Lexie Dykes is our dramatic lead and she is perfectly cast, and not just because of the witchy precision with which she can draw a perfect circle around herself. She takes the long and complicated monologues of the good doctor in her stride, delivering them with a naturalistic ease. Paired up with the cheeky Calum Wardman-Browne’s Mephistophilis, who has a great little devilish charm to him - the two bounce off each other in a compelling way which successfully propels the show through all of the increasingly absurd circumstance, set, and questionable life decisions we see Faustus embark on.


The Seven Deadly Sins Ensemble (Lila Patterson, Ellen Rowlett, Fiona Locke, Felix Da Silva Clamp, Amelia Stokeld, Daisy Lillington-Patterson, and Matthew McCaffrey) was very fun. Donning creepy little white masks and clambering across the stage in their various gaits, their dedication to creating artistic imagery with nothing other than their bodies was particularly striking. They also worked well as doubles for the various other fringe roles, such as McCaffrey’s swearing clown and Da Silva Clamp’s knight, each showcasing an acting range from stylised to naturalistic to character performances. Additionally, Laura Bennie’s turn as Lucifer was nothing if not stylish - from leading a choir of cursing Popettes (I am sorry to the Catholics - I don’t know these terms), to sauntering about with the knowing self-importance of Satan looking down upon one of his impeding damned souls.

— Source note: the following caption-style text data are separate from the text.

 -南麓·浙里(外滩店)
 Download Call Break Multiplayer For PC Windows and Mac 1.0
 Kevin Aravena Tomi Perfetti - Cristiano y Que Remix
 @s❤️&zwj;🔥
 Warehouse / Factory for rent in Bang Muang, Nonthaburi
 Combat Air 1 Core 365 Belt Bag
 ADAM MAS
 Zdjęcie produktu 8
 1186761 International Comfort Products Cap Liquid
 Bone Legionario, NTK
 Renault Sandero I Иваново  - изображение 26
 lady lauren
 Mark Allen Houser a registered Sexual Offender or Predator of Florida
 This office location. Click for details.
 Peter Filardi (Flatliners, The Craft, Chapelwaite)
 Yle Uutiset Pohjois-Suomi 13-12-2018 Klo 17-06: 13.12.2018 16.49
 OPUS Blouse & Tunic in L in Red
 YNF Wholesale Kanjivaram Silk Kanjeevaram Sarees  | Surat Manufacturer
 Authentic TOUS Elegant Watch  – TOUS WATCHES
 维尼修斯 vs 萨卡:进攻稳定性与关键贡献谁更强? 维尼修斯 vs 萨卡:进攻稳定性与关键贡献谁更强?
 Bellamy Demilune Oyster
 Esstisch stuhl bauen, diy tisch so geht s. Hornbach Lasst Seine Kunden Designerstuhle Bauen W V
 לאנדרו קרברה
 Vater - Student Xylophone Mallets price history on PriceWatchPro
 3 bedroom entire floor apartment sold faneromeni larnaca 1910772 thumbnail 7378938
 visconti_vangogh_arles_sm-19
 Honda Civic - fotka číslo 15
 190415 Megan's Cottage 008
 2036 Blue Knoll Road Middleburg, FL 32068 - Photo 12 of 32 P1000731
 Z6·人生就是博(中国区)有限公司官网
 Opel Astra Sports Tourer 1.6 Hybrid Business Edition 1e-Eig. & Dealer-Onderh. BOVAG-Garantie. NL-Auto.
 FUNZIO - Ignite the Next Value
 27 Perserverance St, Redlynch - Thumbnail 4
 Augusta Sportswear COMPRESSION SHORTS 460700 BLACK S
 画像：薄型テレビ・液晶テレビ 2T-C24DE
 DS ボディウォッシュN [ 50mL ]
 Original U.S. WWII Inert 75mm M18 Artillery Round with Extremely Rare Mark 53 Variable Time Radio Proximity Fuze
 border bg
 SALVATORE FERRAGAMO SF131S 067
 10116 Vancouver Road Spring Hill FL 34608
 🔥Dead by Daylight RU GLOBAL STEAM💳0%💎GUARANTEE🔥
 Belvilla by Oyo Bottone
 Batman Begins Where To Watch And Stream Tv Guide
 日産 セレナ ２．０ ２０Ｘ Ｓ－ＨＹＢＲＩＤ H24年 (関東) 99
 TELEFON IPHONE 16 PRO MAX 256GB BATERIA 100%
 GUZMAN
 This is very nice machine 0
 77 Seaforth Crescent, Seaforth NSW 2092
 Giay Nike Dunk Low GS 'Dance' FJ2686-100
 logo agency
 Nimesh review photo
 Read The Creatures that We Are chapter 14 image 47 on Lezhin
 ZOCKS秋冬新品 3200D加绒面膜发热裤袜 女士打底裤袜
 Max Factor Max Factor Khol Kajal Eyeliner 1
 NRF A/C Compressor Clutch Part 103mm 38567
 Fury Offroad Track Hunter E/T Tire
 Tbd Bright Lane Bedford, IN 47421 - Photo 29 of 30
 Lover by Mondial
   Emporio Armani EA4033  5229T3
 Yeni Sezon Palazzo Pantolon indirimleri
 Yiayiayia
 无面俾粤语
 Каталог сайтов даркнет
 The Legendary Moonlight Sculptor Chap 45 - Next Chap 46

At this point, I would also like to compliment the costuming. Each character was conveyed very well as either a blank slate of spookiness that made up the chorus, or the visually intriguing roles of the angels and demons. Mephistophilis and Lucifer looked very cunt in their head to toe russian red, the corseting of the Bad Angel (Catriona Kadirkamanathan) was a very period piece, and Margot Pue’s Good Angel has perhaps the best outfit imaginable. She’s also wearing four inch heels for the entire show, so shout out to her.


Now, I am an English student, however I don't have the best grasp on Middle English, and so during intermission I made a joke to my friend that I couldn’t tell when they switched languages, to which I got the most St Andrews response possible: “It’s a lot easier when you speak Latin.” So true, Emily, but I’ll have to take your word for it!


But the final and best moment is the rising of the back curtain to reveal that the cool ominous music you had been hearing throughout the show WAS A LIVE FUCKING CHOIR! And these divas are being pounded by the smoke machine, they are drenched in an aptly hellish red light, and they are singing through rain, shine, and the unfortunate mislanding of the curtain descending. It’s a great use of the space, so cool to see the layering and unlayering of curtains, the shifting of what is and isn't the performance space stretching from the very front row of the audience all the way back to the brick wall separating the street from the theatre. It felt deconstructional in a way that made me kind of yearn for the entire show to have been as bare bones - like the Paul Mescal Streetcar Named Desire or the Gillian Anderson All About Eve - however its use as a portal to hell was an amazing staging decision, so simply brilliant it just makes me wish more Byre shows would do similar things. It also did make me think about the videos of Jessica Chastain doing a slightly more extreme version of this for her run of A Doll’s House where she walks out onto pavement through the stage’s back door at the end of the show. It's an interesting visual for the audience but also kinda funny as a passerby, so here’s a link: https://vm.tiktok.com/ZGeAUWgf3/


Overall the show was very bold in its approach, taking an unashamedly absperspective to what could have been a very high and dry show. It is a very strong debut for a director, who I can only hope will go on to do more.